◆ **Source information**:

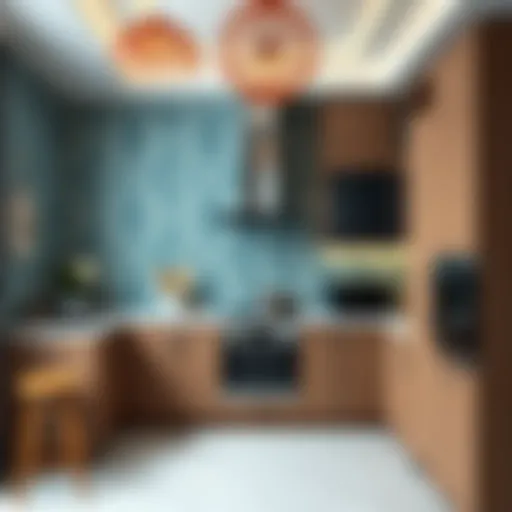 Stylish kitchen wallpaper with geometric pattern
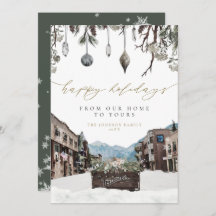 Tarjeta de Navidades de las Montañas de Winter Tel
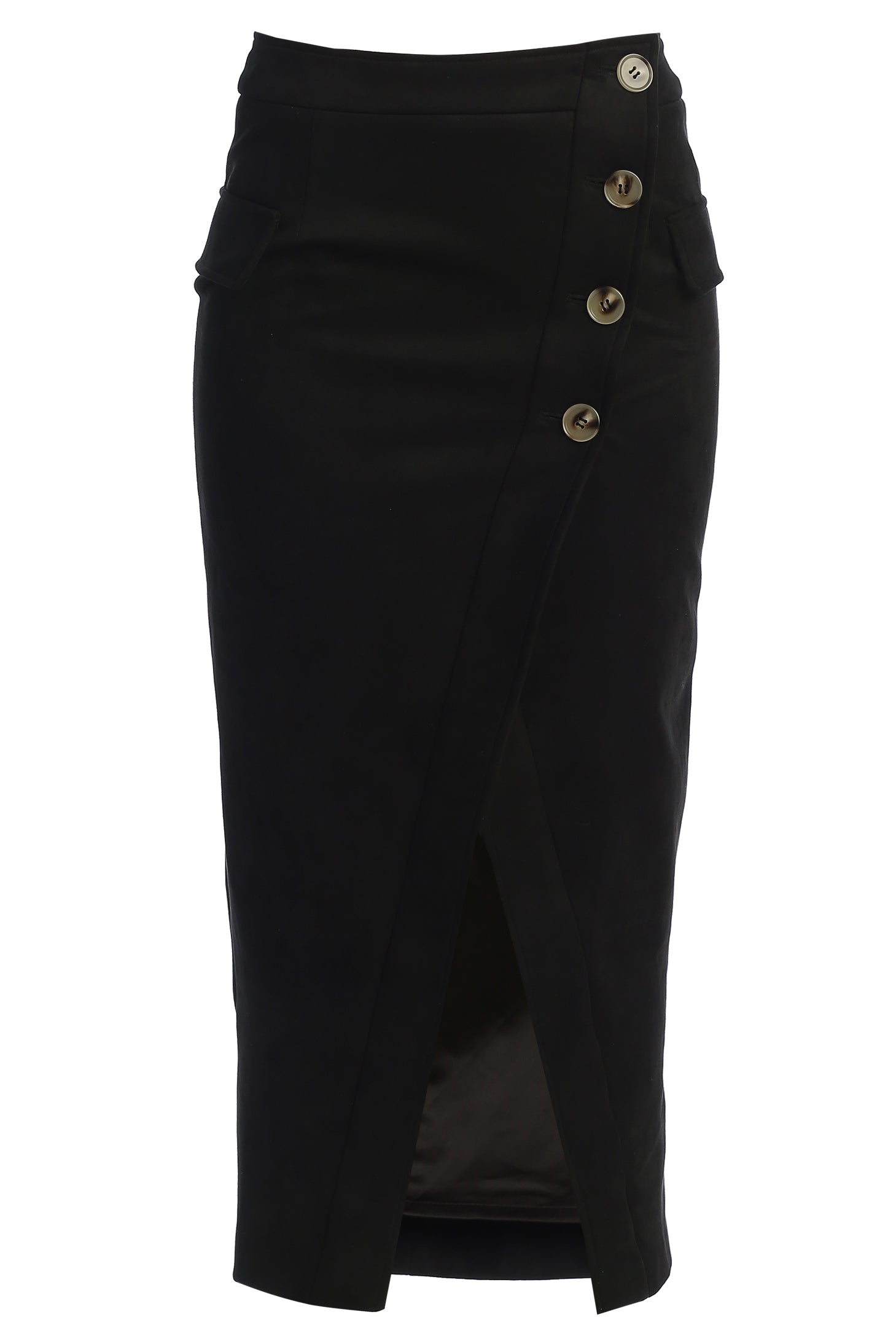 Black Audrey Suede Midi Skirt - JLUXLABEL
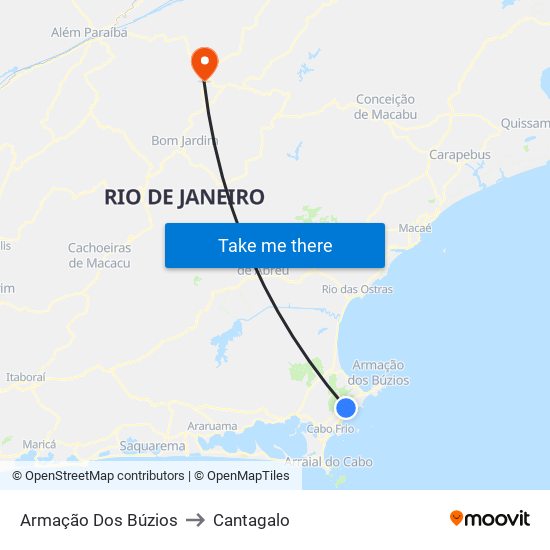 Armação Dos Búzios to Cantagalo map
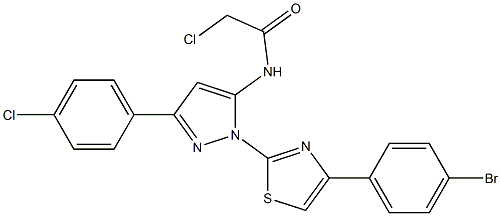 N-[1-[4-(4-BROMOPHENYL)-1,3-THIAZOL-2-YL]-3-(4-CHLOROPHENYL)-1H-PYRAZOL-5-YL]-2-CHLOROACETAMIDE Struktur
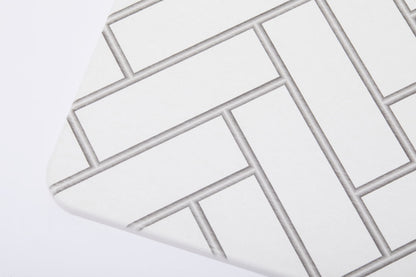 Quick-dry Stone Shower & Bath Mat | White Parquet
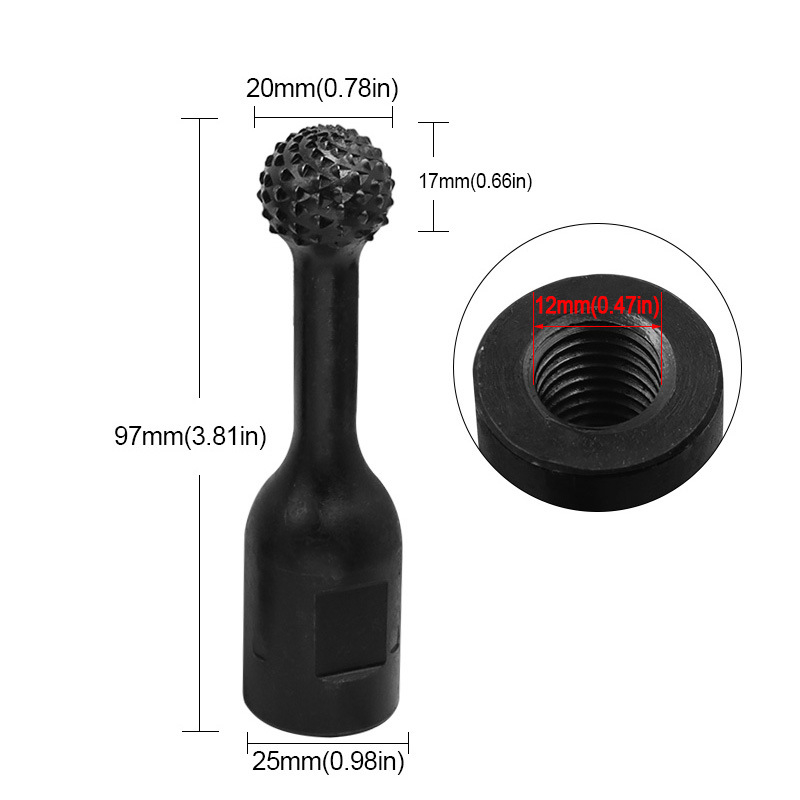 Leņķa slīpēšanas galva ar sfēru koka gravēšanai — Zīmols Xing Weiqiang, Modelis 202210071657, Materiāls: oglekļa tērauds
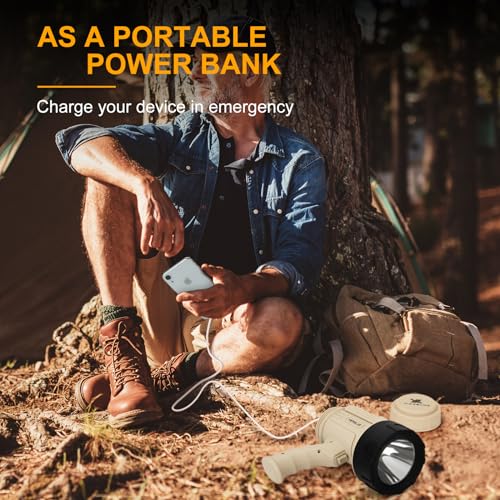 YIERBLUE Rechargeable Spotlight Flashlight with High Lumen LED, IP67 Waterproof Long Running Spot Light searchlight, Impact Resistant Handheld Spotlight with Foldable Stand and Red Lens - color: Pearl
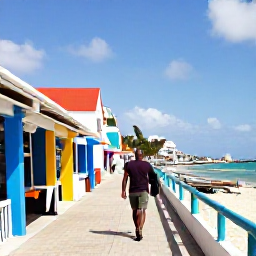 Caribbean Holidays, Solo Holidays, A relaxed solo traveller walking along the colourful boardwalk and beach at Philipsburg, Sint Maarten, with shops and Caribbean sea views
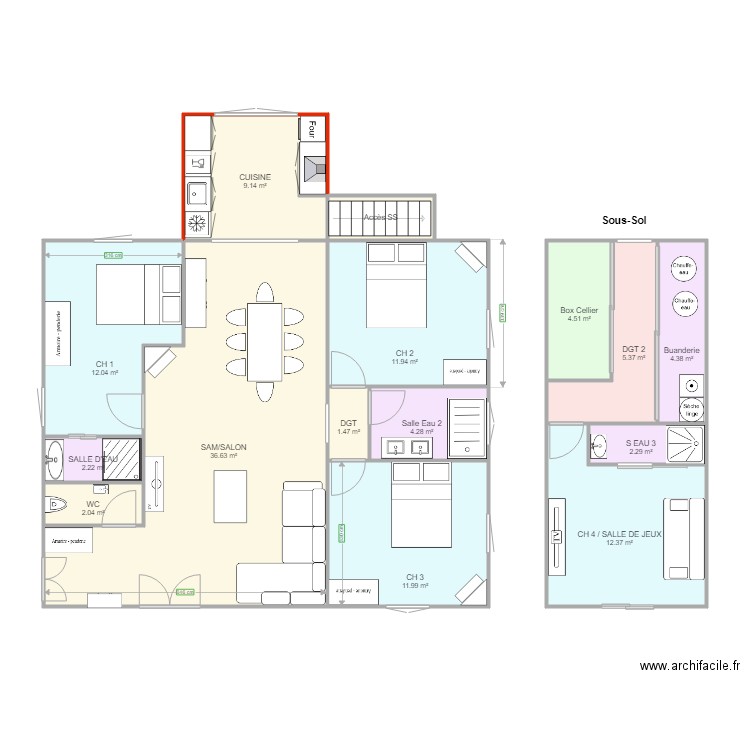 ENSOLEILLEE ESQUISSE V2. Plan de 0 pièce et 0 m2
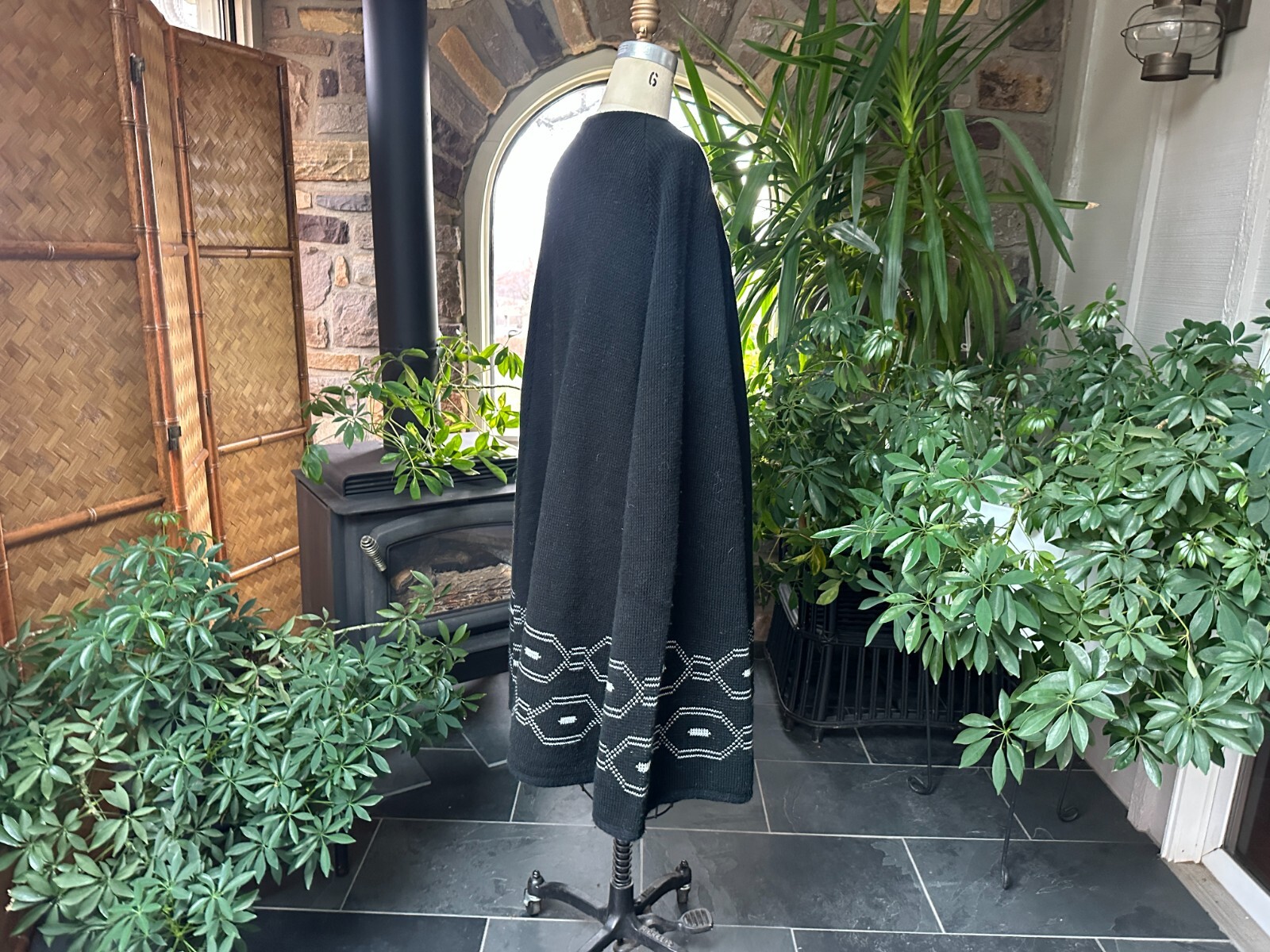 Vintage 1970s Black and White Acrylic Button Front Knee Length Cape Sturbridge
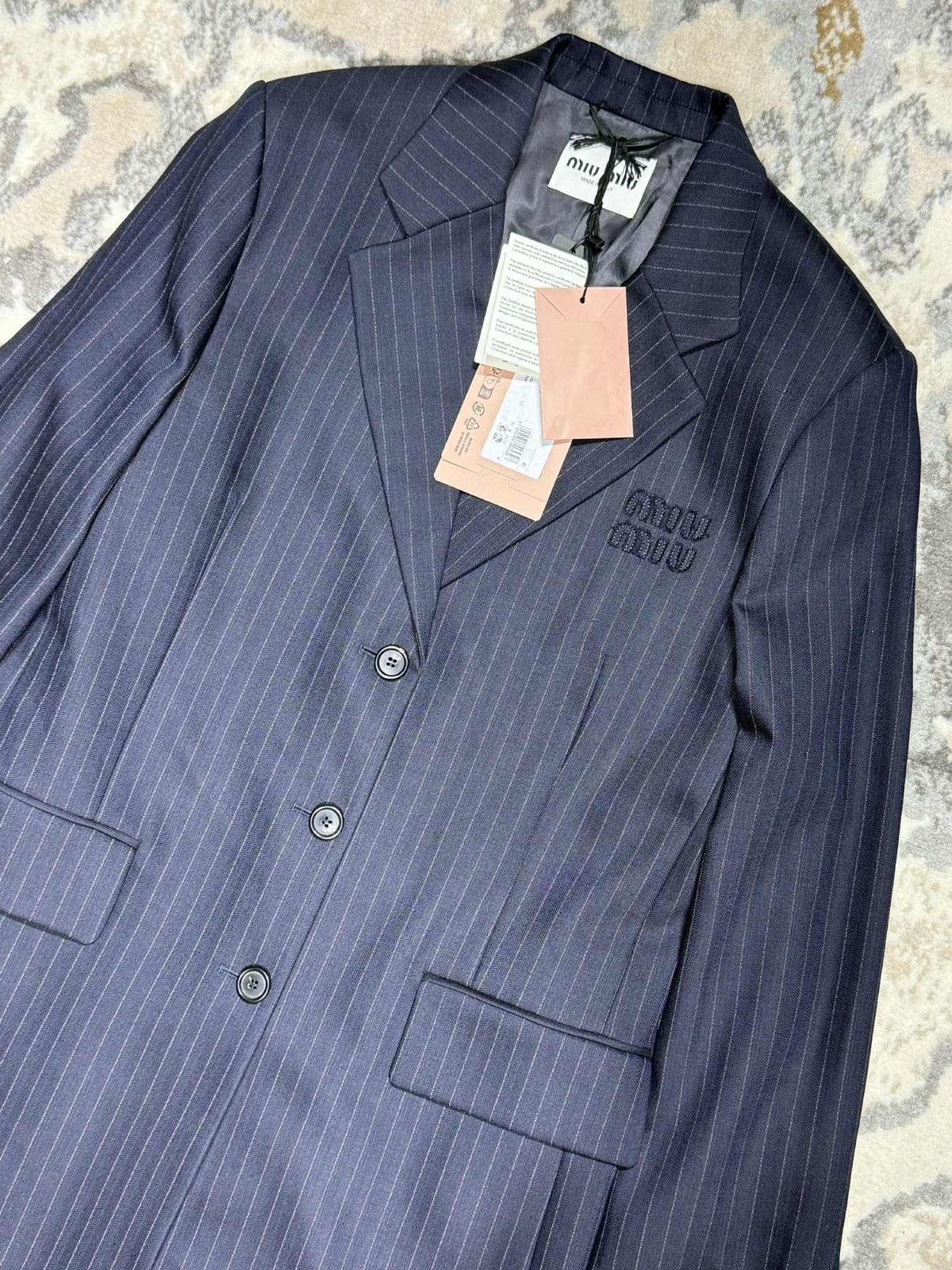 Miu Miu Miu Miu Bleu Single-Breasted Pinstripe Coat Size US M / EU 48-50 / 2 - 7 Thumbnail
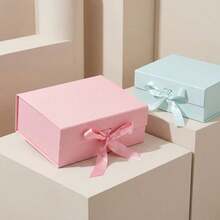 Magnetic Folding Gift Box With Ribbon, Luxury Flip-Top Gift Box, Suitable For Cosmetics, Jewelry, Wedding, Birthday, Holiday Gift Packaging - Multi-color - View 9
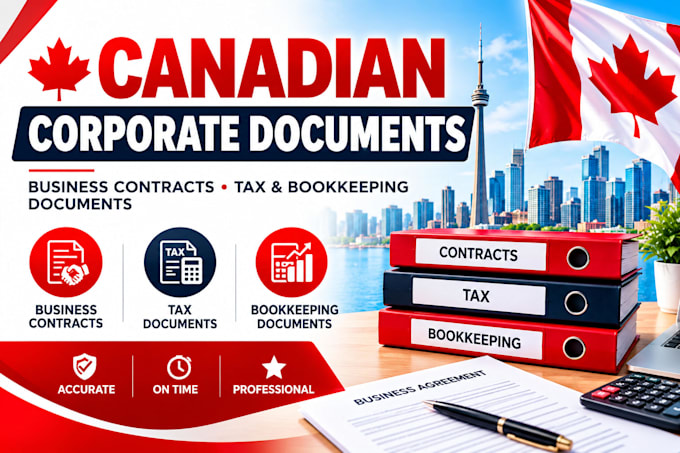 draft canadian corporate documents, contracts, tax, and bookkeeping documents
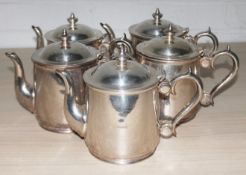 5 x Commercial Metal Tea Pots Featuring 'Famous Branding' - Dimensions: H17 x W20cm - Recently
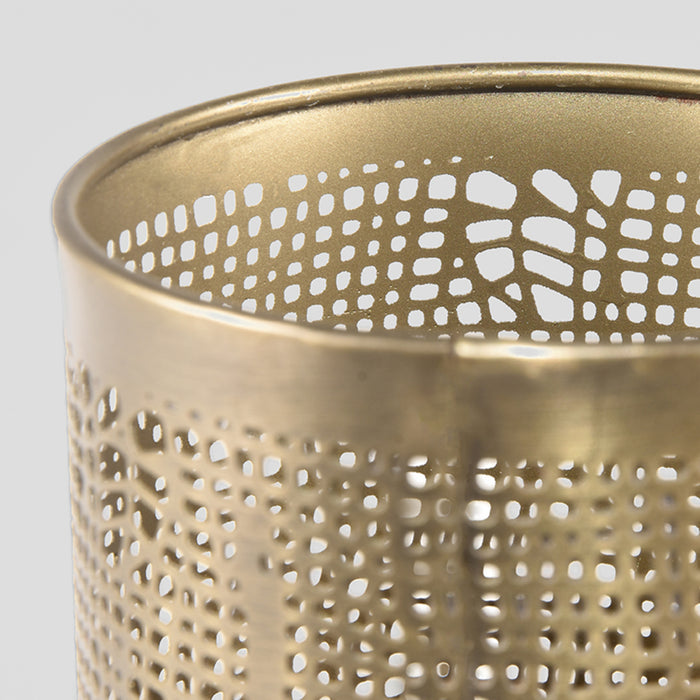 Label51 Set Kaarsenhouders M 9x9x8 cm - Antiek goud - Metaal-Woonkamerdecoratie-LABEL51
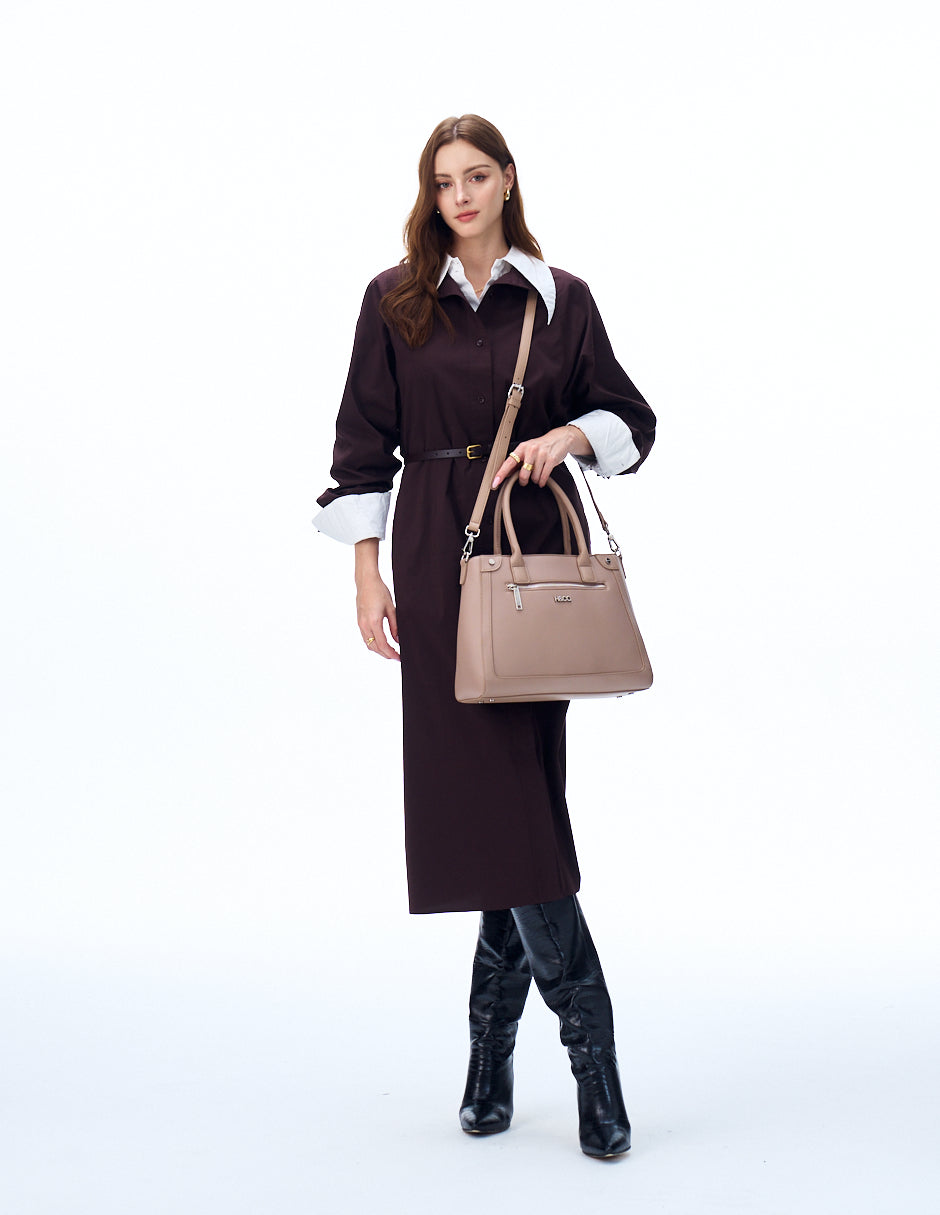 Tote Gemma taupe H&Co. detalle asas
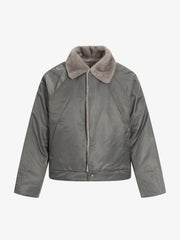 Deconstructed Patchwork Fur Collar Bomber Jacket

◆ **Directions**: Exactly and only the lines from the top of the records down to the line containing "YIERBLUE Rechargeable Spotlight" should be transcribed, please, without the pictures.

◆ **Final answer**:
 Stylish kitchen wallpaper with geometric pattern
 Tarjeta de Navidades de las Montañas de Winter Tel
 Black Audrey Suede Midi Skirt - JLUXLABEL
 Armação Dos Búzios to Cantagalo map
 N-[1-[4-(4-BROMOPHENYL)-1,3-THIAZOL-2-YL]-3-(4-CHLOROPHENYL)-1H-PYRAZOL-5-YL]-2-CHLOROACETAMIDE Struktur
 Quick-dry Stone Shower & Bath Mat | White Parquet
 Leņķa slīpēšanas galva ar sfēru koka gravēšanai — Zīmols Xing Weiqiang, Modelis 202210071657, Materiāls: oglekļa tērauds
 YIERBLUE Rechargeable Spotlight Flashlight with High Lumen LED, IP67 Waterproof Long Running Spot Light searchlight, Impact Resistant Handheld Spotlight with Foldable Stand and Red Lens - color: Pearl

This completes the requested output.